What you have to do:
From the records below, copy each line that has the word "View" in it.

Stored dataset items:
▼

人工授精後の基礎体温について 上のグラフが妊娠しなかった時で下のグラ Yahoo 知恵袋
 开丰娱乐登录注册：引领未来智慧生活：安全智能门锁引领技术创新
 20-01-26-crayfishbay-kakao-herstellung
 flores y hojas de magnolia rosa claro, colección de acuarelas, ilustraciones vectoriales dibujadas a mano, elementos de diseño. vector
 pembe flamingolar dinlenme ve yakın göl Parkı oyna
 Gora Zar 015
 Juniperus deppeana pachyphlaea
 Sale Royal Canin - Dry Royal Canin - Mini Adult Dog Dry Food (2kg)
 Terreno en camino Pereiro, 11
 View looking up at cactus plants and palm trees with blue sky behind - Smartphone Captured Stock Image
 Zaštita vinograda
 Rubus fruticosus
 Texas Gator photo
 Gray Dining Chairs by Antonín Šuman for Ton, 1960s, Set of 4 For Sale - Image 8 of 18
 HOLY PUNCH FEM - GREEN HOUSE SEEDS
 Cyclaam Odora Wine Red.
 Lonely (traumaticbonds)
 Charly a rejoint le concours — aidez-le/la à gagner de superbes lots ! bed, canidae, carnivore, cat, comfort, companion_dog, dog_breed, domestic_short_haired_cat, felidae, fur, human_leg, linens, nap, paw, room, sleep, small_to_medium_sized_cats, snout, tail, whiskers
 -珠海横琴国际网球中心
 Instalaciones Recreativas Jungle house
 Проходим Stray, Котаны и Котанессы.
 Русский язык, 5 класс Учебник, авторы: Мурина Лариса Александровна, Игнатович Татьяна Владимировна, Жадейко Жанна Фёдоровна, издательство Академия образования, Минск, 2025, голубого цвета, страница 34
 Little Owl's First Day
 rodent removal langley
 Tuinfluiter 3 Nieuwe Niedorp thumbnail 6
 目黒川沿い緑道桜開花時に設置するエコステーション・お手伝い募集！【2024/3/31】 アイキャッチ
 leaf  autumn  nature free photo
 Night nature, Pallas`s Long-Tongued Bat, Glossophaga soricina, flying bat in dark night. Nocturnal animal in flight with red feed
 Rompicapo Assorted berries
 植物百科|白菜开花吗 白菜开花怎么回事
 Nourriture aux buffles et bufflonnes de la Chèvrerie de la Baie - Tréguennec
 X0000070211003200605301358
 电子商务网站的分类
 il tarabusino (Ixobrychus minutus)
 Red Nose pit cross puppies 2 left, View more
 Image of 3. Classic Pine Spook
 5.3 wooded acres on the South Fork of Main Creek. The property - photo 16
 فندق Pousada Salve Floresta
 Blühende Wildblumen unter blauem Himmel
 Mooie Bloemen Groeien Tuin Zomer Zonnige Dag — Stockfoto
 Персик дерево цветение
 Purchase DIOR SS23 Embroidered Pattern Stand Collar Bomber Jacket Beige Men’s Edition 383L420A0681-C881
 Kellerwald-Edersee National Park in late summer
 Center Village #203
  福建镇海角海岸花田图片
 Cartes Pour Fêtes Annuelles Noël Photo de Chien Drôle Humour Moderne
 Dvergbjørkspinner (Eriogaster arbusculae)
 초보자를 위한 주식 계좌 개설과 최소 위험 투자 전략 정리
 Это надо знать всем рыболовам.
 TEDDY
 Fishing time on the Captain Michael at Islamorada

▲

Written answer:
 View looking up at cactus plants and palm trees with blue sky behind - Smartphone Captured Stock Image
 Red Nose pit cross puppies 2 left, View more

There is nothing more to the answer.